The engine is used with a range of fuels, including 1^st generation and 2^nd generation biofuels to gain greater understanding of the combustion of these fuels in the compression ignition environment. Of key importance and relevance is the impact of alternative fuelling on combustion particle matter emissions.

Optically Accessible Compression Ignition Combustion Chamber/Engine

Currently under development and installation in the laboratory is an optically accessible combustion engine. The rig will operate as an engine but may also be described as a rapid compression machine. Installation consists of a large, 1.8 litre, single cylinder CI engine coupled to an AC dynamometer. The head of the engine has been replaced with a stainless steel section with an externalized combustion chamber fitted with sapphire windows. Injection is handle by a research common rail system. The system allows high speed imaging of the combustion to be conducted with an assessment of the auto-ignition and in-cylinder soot formation for a wide range of fuels.

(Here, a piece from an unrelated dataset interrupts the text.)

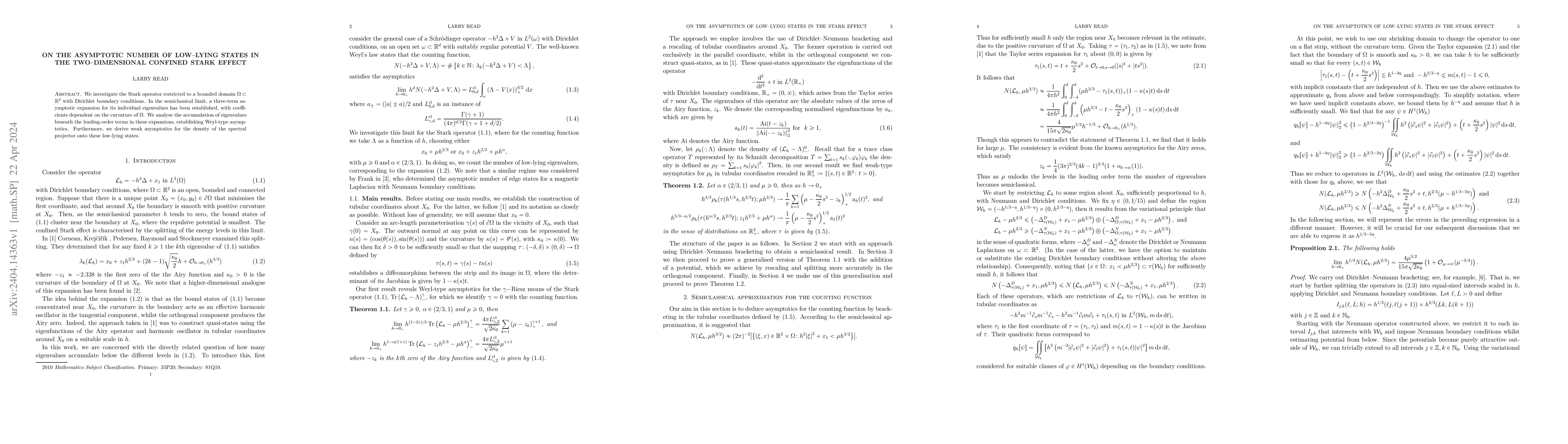 Thumbnail for On the asymptotic number of low-lying states in the two-dimensional
  confined Stark effect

High Pressure fuel injection test rig

Currently being installed in the laboratory is an optically accessible pressure chamber, able to operate at a maximum of 40 bar, filled with an inert atmosphere of Nitrogen at ambient temperature. The chamber is fitted with identical injectors as used in the optical combustion chamber and the Mercedes engine and allows injection mass flow rate profile to be evaluated using the measured momentum flux of the fuel injection spray.

Optical access also allows high speed imaging of the sprays to be obtained to fully characterize the sprays for simulation purposes. The chamber is used in conjunction with a silicone molding technique and SEM photography to accurately determine the fuel injector’s internal geometry.